Factorization of a Multivariate Normal Distribution

PUBLISHED ON DEC 10, 2019 — CATEGORIES: proofs

The Factorization Theorem is a very useful mathematical tool and crucial to statistics, probabilistic calculus and many applications. Formally, it is closely related to the idea that $P(x, y) = P(x | y) P(y)$. One of the many nice properties of the normal distribution in this context is that it factorizes into normal distributions. The above link gives the proof for cases with unit covariance matrix. Here we will cover the general case for any covariance matrix, and provide an explicit expression for the factorization via direct proof.

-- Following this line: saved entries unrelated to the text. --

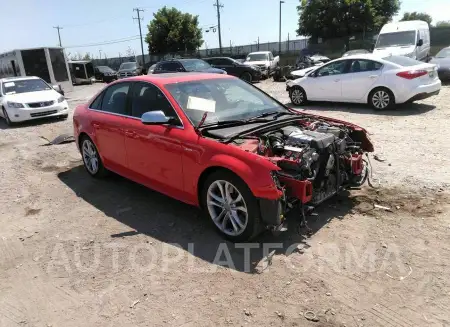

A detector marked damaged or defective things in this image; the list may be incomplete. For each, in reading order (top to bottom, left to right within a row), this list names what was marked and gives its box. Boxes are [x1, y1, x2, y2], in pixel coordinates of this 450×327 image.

crashed front end [232, 115, 372, 233]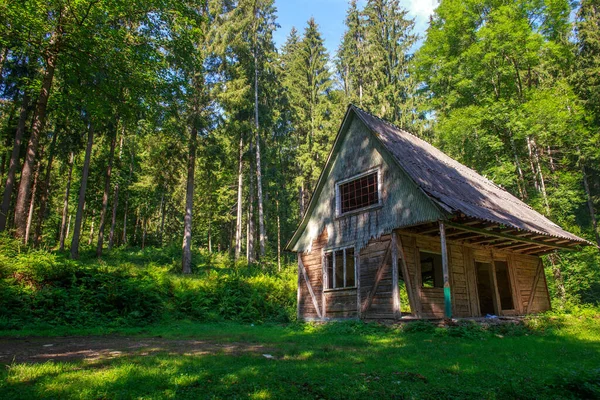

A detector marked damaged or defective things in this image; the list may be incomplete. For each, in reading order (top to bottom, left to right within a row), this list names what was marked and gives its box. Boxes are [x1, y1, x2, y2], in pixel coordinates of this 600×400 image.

broken window [338, 171, 380, 216]
rusty metal roof [352, 104, 592, 245]
broken window [326, 247, 354, 288]
broken window [420, 250, 442, 288]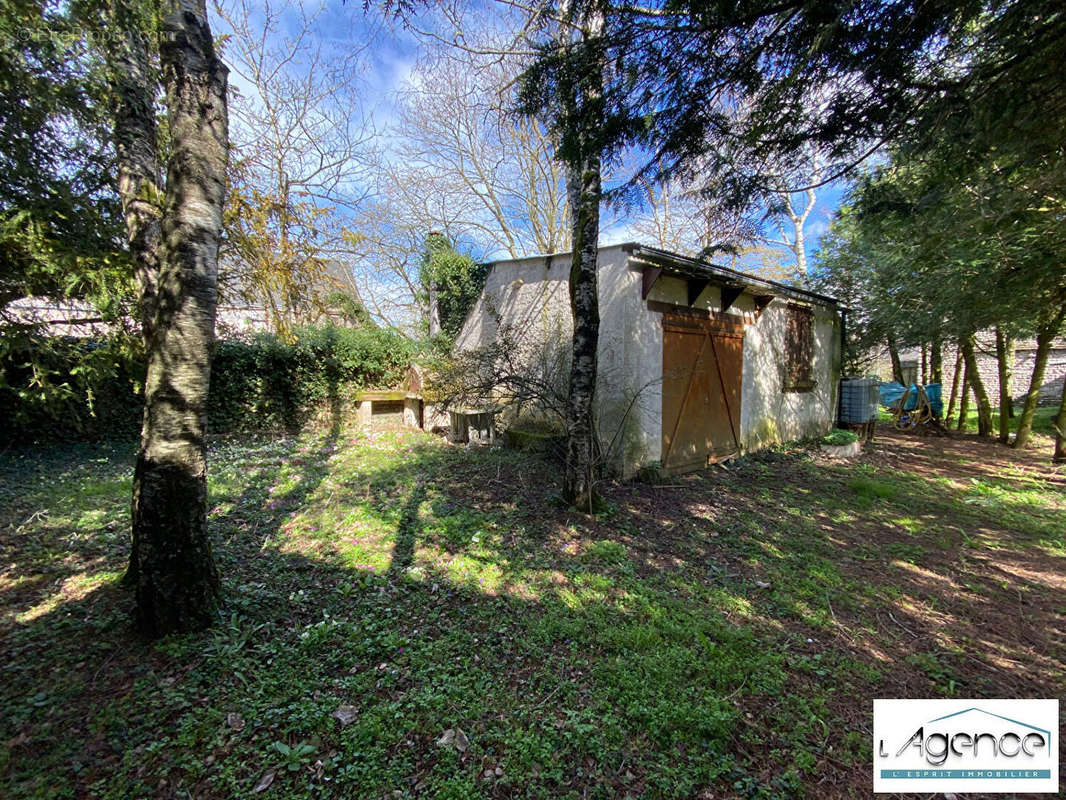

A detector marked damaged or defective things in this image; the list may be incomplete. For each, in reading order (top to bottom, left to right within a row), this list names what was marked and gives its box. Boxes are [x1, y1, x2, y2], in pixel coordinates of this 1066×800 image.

As a bonus, the math required for it is a very nice piece of linear algebra, so let’s get to it!

Definitions



Multivariate normal PDF

The probability density function (PDF) for the multivariate normal distribution is defined as:

$ \mathcal{N}(x; \mu, S) = \frac{1}{\sqrt{(2\pi)^D |S|}} exp(-\frac{1}{2}(x-\mu)^T S^{-1} (x-\mu)) $

For $x,\, \mu \, \in \mathbb{R}^D, \quad S \, \in \mathbb{R}^{D\times D}$

Where $S$ is the (symmetric, positive semidefinite) covariance matrix:

$ \begin{pmatrix} \sigma_{1}^2 & Cov(X_1, X_2) & \dots \\\
Cov(X_1, X_2) & \sigma_{2}^2 & \dots \\\
\vdots & \vdots & \ddots \\\
\end{pmatrix} $

And $|S|$ is the determinant of $S$.



Schur Complement

The Schur Complement establishes the relation between the partition of a matrix and the partition of its inverse, as follows:

$$ \begin{eqnarray*} S &&= \begin{pmatrix} S_{11} & S_{12} \\\
S_{21} & S_{22} \end{pmatrix}\\\
S^{-1} &&= \Delta = \begin{pmatrix} \Delta_{11} & \Delta_{12} \\\
\Delta_{21} & \Delta_{22} \end{pmatrix}\\\
&&= \begin{pmatrix} (\frac{S}{S_{22}})^{-1} & -(\frac{S}{S_{22}})^{-1} S_{12} S_{22}^{-1} \\\
-S_{22}^{-1} S_{21} (\frac{S}{S_{22}})^{-1} & (\frac{S}{S_{11}})^{-1} \end{pmatrix} \end{eqnarray*} $$

Where the complement terms are defined as:

$$ \frac{S}{S_{22}} = S_{11} - S_{12} S_{22}^{-1}\\\
\frac{S}{S_{11}} = S_{22} - S_{21} S_{11}^{-1}\\\
S_{ab}, \Delta_{ab} \; \in \mathbb{R}^{d_a \times d_b} $$

And the following implication holds:

$$ det(S) = |S| = |S_{22}| \cdot |\frac{S}{S_{22}}| $$

Also note that the Schur Complement can be applied both ways, since the inverse of a positive definite matrix is also positive definite, so $S_{22} = (\frac{\Delta}{\Delta_{11}})^{-1}$.

Theorem

With the given definitions, we already can express the goal of our proof:

Factorization of a multivariate $\mathcal{N}$ distribution

$$ \begin{eqnarray*} \mathcal{N}(x; \; \mu, S) = &&\mathcal{N}(x_2; \; \mu_2, S_{22}) \; \cdot \\\
&&\mathcal{N}(x_1, \; \mu_1 - \frac{S}{S_{22}} \Delta_{12} (x_2-\mu_2), \; \frac{S}{S_{22}}) \end{eqnarray*} $$

$$ x_1, \mu_1 \, \in \mathbb{R}^{d_1}, \quad x_2, \mu_2 \, \in \mathbb{R}^{d_2} $$

Proof

The Schur Complement, together with completing the square, allows for an elegant direct proof.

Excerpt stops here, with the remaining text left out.